As mentioned above, we will use the following formula to calculate RMSE:
$$RMSE=SD_{errors}=(1-r^2)^{1/2}*SD_y$$
We will need to calculate **r** and $SD_y$ for this purpose. <br>

1) **r** is the correlation between `Carbohydrates` and `PercentAlcohol`. <br>
2) $SD_y$ is the std (standard deviation) of `Carbohydrates`. <br>

A syntax for your help: <br>
`df["a"].corr(df["b"])` gives correlation between column `a` and column `b`.


In [9]:
r = df['Carbohydrates'].corr(df['PercentAlcohol'])
# Use std()...but on which column!?
SD_y = df['Carbohydrates'].std()
# Now, use the formula!
RMSE = (1-r**2)**0.5*SD_y
print(RMSE)





3.8585450410889286


In [10]:
## == TEST CASES for 2 ==
# - This read-only cell contains test cases for your previous cell.
# - If this cell runs without any error our output, you PASSED all test cases!
# - If this cell results in any errors, check you previous cell, make changes, and RE-RUN your code and then this cell.

assert(round(r,2) == 0.42), "The r is incorrect."
assert(round(SD_y,2) == 4.25), "The SD_y is incorrect."
assert(round(RMSE,2) == 3.86), "The RMSE is incorrect."

## == SUCCESS MESSAGE ==
# You will only see this message (with the emoji showing) if you passed all test cases:
tada = "\N{PARTY POPPER}"
print(f"{tada} All tests passed! {tada}")
print()

🎉 All tests passed! 🎉



##  3 RMSE with the help of predicted values.

First, we will predict values of Carbohydrates based on our linear regression. <br>
Then, we will write a function which takes two columns as input and outputs the root mean squared difference between the two columns. We will use this function to calculate RMSE.

In [14]:
# Use model.predict
df["predicted"] = reg.predict(df[['PercentAlcohol']])

def rmse(column1,column2):
    df['difference'] = column1 - column2
    df['squared_difference'] = df['difference']**2
    mean = df['squared_difference'].mean()
    return mean**0.5
    
print(rmse(df["predicted"],df["Carbohydrates"])) # This is our RMSE




3.835780564884537


In [15]:
## == TEST CASES for 3 ==
# - This read-only cell contains test cases for your previous cell.
# - If this cell runs without any error our output, you PASSED all test cases!
# - If this cell results in any errors, check you previous cell, make changes, and RE-RUN your code and then this cell.

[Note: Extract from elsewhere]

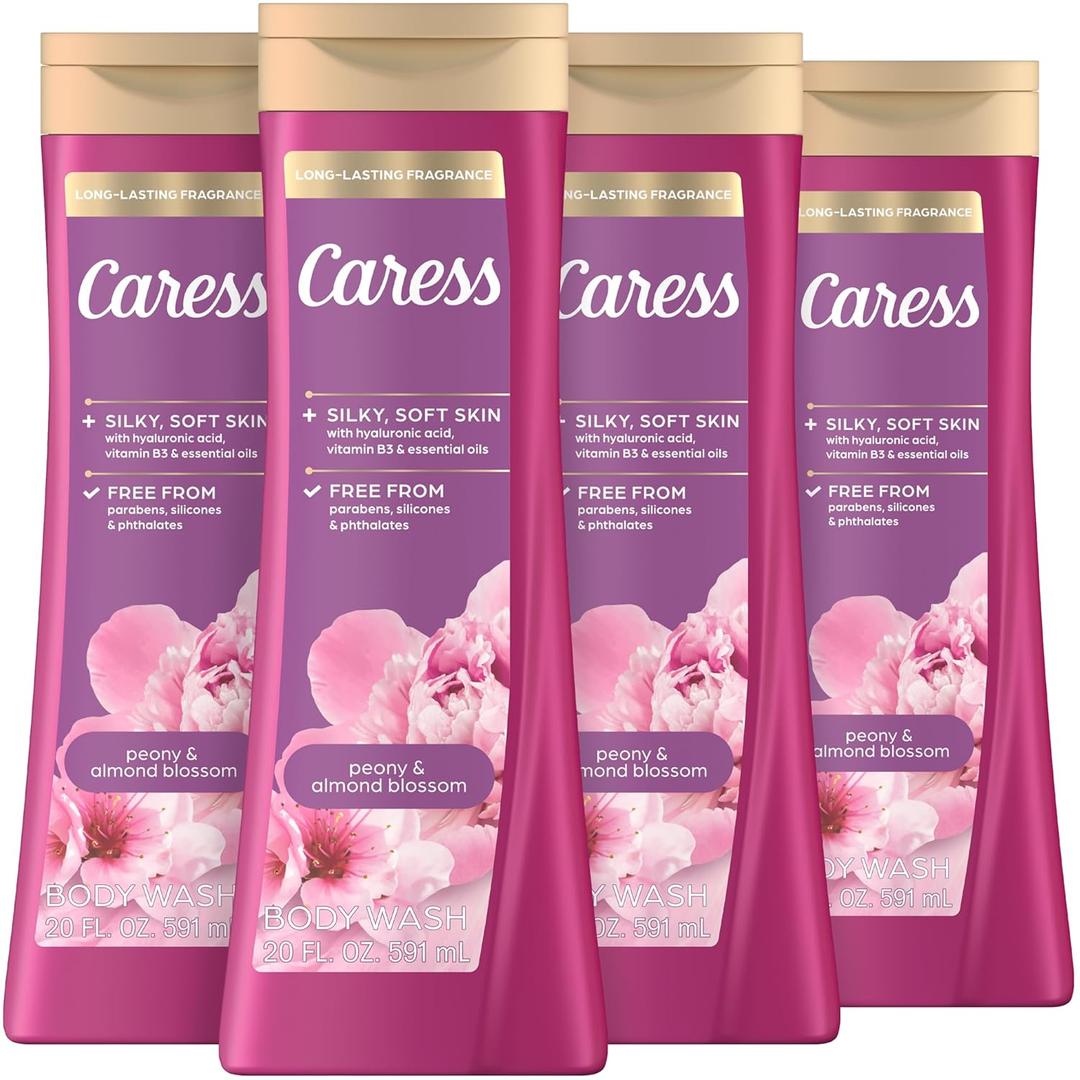 Caress Body Wash for Women, Peony & Almond Blossom, Shower Gel Moisturizing Body Wash for Fresh, Smooth Skin To Soothe and Unwind, 20 fl oz, (Pack of 3)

assert(round(rmse(df["predicted"],df["Carbohydrates"]),2) == 3.84), "The RMSE is incorrect."


## == SUCCESS MESSAGE ==
# You will only see this message (with the emoji showing) if you passed all test cases:
tada = "\N{PARTY POPPER}"
print(f"{tada} All tests passed! {tada}")
print()

🎉 All tests passed! 🎉



## 3. Submit Your Work

In this notebook:

1. Click **File** -> **Save and Checkpoint** (to save your work)
2. Click **File** -> **Close and Halt** (to exit this notebook)

Follow the instructions on the STAT 107 website to submit your work.